Посмотрев на меня снизу вверх, он не скрывал недовольства моим вмешательством. С вызывающим видом я встала перед ним, хотя сердце мое билось бешено.
— Что вам угодно?
В голосе его звучали мрачные нотки, но они не вызывали неприятного чувства. Я слышала, как он разговаривал с лошадьми, думая, что его никто не слышит. Голос его был мягким, иногда он даже что-то напевал себе под нос. Но теперь я ему явно мешала. «Что вам угодно?» прозвучало вовсе не мягко и не приветливо.
В первый раз я пыталась заговорить с ним с тех самых пор, как отец передал его мне. Голова его обросла легким пухом волос, который блестел на солнце. Но лицо было безбородым и гладким, как в первый после бритья день. Мастер Нафтали по заданию хозяина замка при помощи тайной лечебной настойки лишил его бороды. Интересно, во время процедуры им пришлось крепко держать его? При дворе у нормандцев считалось модным сбривать бороду, об этом мне рассказывал дядя Рихард. Мне трудно было представить выбритых всадников с мечами и в кольчугах! Мужчина без бороды считался слабаком, независимо от того, был ли он рабом или нет. Везде над безбородыми смеялись. Но потом я подумала о неухоженных бородах у многих мужчин, которых видела во время вечерних трапез, и о том, что в бородах застревали остатки пищи, поняла, что этот без бороды выглядел не так уж и плохо. И конечно же не был слабаком. Мой взгляд воровски скользнул по его широким плечам…
— Чего вы от меня хотите? Я должен работать.
— Ты загнал его.
Его ловкие руки прервали работу.
— Что вы такое говорите?
— Я тебя видела, так что не лги. Ты сидел у него на спине!
Я подбоченилась, не дыша. Подозрение занимало все мои мысли, только он мог заколдовать вороного, только он — о пресвятая Дева Мария, помоги мне! Глаза его стали черными от гнева. Он ударил хлыстом по плошке с жиром и швырнул о землю сальную тряпку. Я быстро наклонилась.
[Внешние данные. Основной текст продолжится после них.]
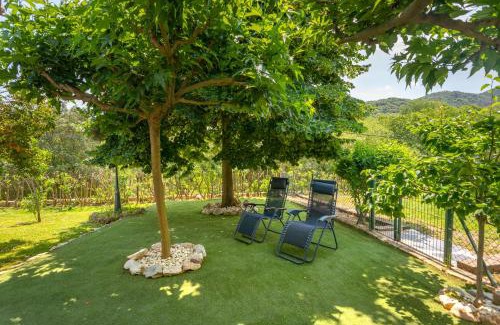 Gualba House | Can Caldeta - Naturaleza y privacidad en el Montseny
— И потом он сдох! Всем было запрещено на нем ездить. Священник говорит, что в нем был сатана… Ты заколдовал его.
Он растерянно смотрел на меня.
— Что это вы такое говорите? Я виновен в смерти коня? Да в своем ли вы уме?
Сказав это, он поднялся и так близко подошел ко мне, что мне пришлось вытянуть шею, чтобы смотреть ему в лицо. Порыв ветра сорвал с моих плеч платок, и он упал на пол. В волнении он схватил меня за платье, я отпрянула и, наступив каблуком, вдавила нежную и тонкую ткань глубоко в вязкую грязь.
— Стало быть, я заколдовал лошадь? Кто говорит это? Кто…
— Ты язычник! Я знаю, что ты язычник! — бросила я ему в лицо и оттолкнула его руку. — Убери от меня свои пальцы! Как ты осмелился до меня дотронуться… — Я отступила на шаг и откинула с лица прядь волос. Мое сердце трепетало от страха, и в то же время я едва могла владеть собой. — Язычники имеют власть над злыми силами, это знает каждый!
Сощурясь, Ганс внимательно смотрел на меня.
— Вообще-то за эти слова мне следовало бы убить вас…
— Варвар! Они натравят на тебя собак!
— Я не убью ни одну женщину. — Он разжал кулаки и скрестил на груди руки. — А теперь хорошенько слушайте меня, потому что я скажу это в первый и последний раз: я не христианин и не поклоняюсь пресвятой Деве Марии, но, разрази меня гром, я не заколдовываю никаких животных, а эту лошадь — тем более!
— Ты загнал вороного!
Он глотнул воздух, задержал дыхание и повернулся ко мне спиной, по которой можно было судить, сколь он зол на меня и на всех, кто принудил его здесь находиться. Я скомкала свой шейный платок. Боже милостивый, и что я здесь затеяла?
— Хочу рассказать вам, как это было. — Он вновь повернулся ко мне. — Хочу сказать, отчего погибла лошадь. Ей давали плохой корм.
— Чепуха! Конь всегда получал все самое лучшее.
— Ему давали плохой корм, — упорствовал Ганс. — Конюх давал ему плохой овес. Я видел это.
На секунду воцарилась тишина.
— Ты лжешь.
Я покачала головой. Никто не отважился бы на это. Никто.